Throughout these sessions, I have used the word ecclesia (singular) for the usual word church and ecclesiae (plural) to indicate a church in a particular geographic place, i.e., the ecclesiae at Corinth, meaning the whole of the many smaller ecclesia that met in homes in Corinth. This is to distinguish between the Institutional Church model (IC) and ecclesia that meet in cities and towns around the world. The ecclesiae written about by the authors of the Second Testament were not the same as what the “church” has become over the years of its existence. Usually, but not always, folks think of a church as a place where they go to a building and set in rows of pews and listen to music and sometimes sing and listen to sermons by a pastor or senior pastor. The ecclesiae of the Second Testament time did not invoke this model.

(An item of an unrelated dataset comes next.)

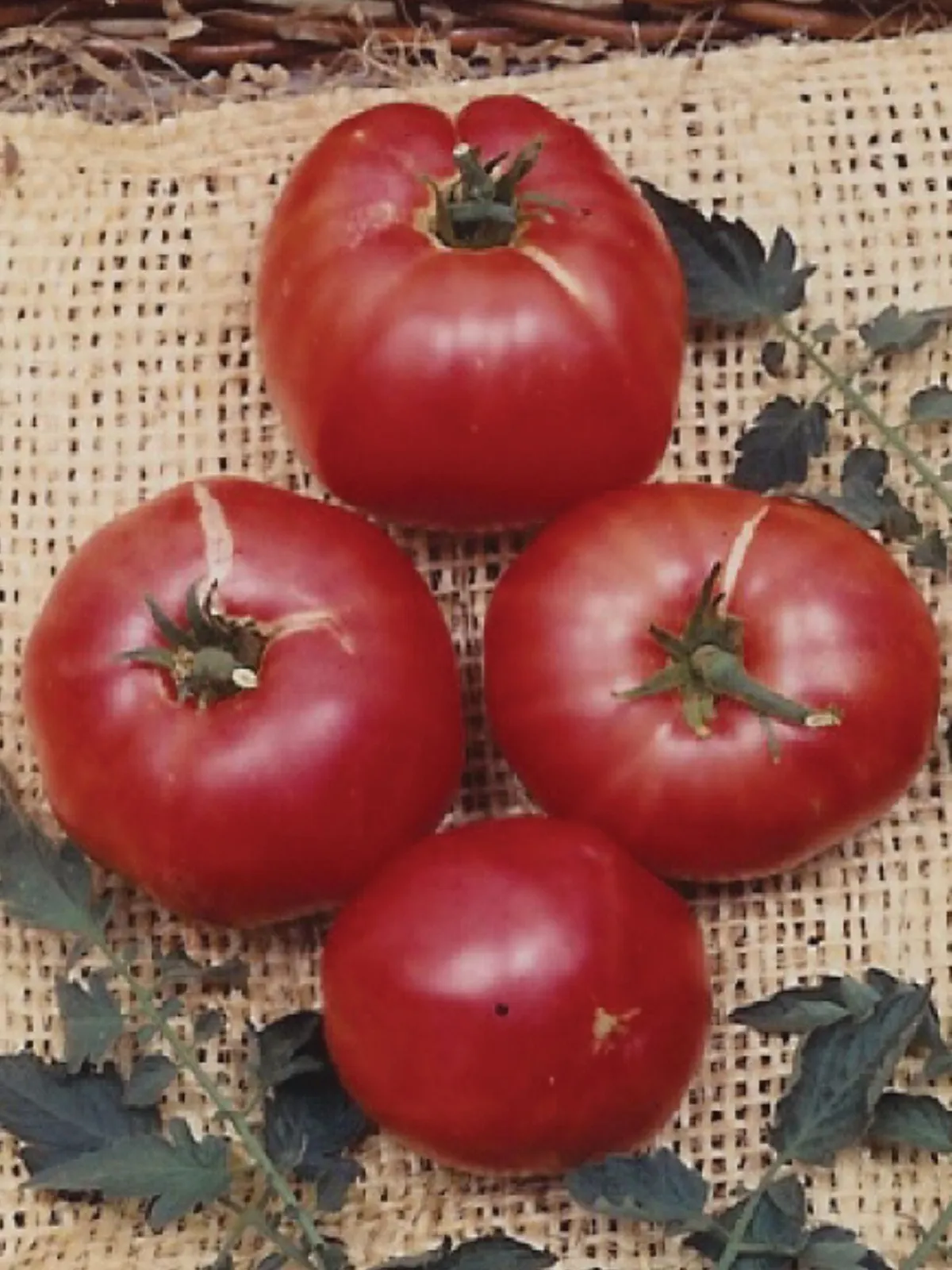 German Johnson Tomatoes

I have discovered over the years that if you want to try and change minds about something special, you have to venture out and reword it in order to grasp a foothold for a new refreshed understanding of the idea presented by the word. Such is the case between "church" and "ecclesia."


Happy Reading!

Read Me Second


Referenced verses in the text of this study are not used to prove some point of view. They are merely markers where the subject matter is referenced by other books and authors. To gain a larger view of each quote, a serious student of the Holy Writ would take the time to view the reference and see what the background is. The background provides tracks on which the meaning of a text rides. So knowing the context of a referenced passage would help the reader to gain a more thorough understanding of an author than just the words quoted and marked by a verse number that was not a part of the original author's text, which as you might remember was performed on the text in a random fashion many years later.


Happy Reading!

Read Me Third


The verses that are referenced in these sessions are not meant to prove a point. They are simply pointers to where the idea being written about may have a correlation. In order to see if they accomplish the thesis presented by the original author, a student should read, at a minimum, the chapter in which the verse is found as well as trying to ascertain what the original author may have meant to say to the original audience.


Of course, this is a lot of work but it is beneficial work. If one does not understand what the author meant when it was written and the audience could not have understood by what was written, then the words on the page can mean anything that a present reader may assign as a meaning, thus distorting what God was inspiring for the original writer to write to the original audience to hear.

A great and recent book by N.T. Wright and Michael F. Bird entitled The New Testament in Its World would be a wonderful addition to your reading helps.


Happy Reading!

Jesus Followers


There are many synonyms to use for the word believer, which is the most common word for a person who has "converted" to follow Jesus. I have chosen "Jesus follower(s) or follower(s) of Jesus instead of the word believer in these presentations to allow the reader an opportunity to move away from the idea of believer which conjures up the possible thought of "ascent" to a set of doctrines that have been assembled by different groups over the centuries and show up in this day and age as a set of statements posted on web sites and other written material. These sets of beliefs are suggested by many as the ones that one should ascent to so that upon death the one who assents can go to heaven, i.e., just believe and you are good to go. Jesus followers/followers of Jesus suggest an action that one should take. Remember, Jesus told his disciples to follow him. Yes, belief is important, but one must move beyond belief to action.


(See "Discipleship" Dictionary of Jesus and the Gospels. 182-188.)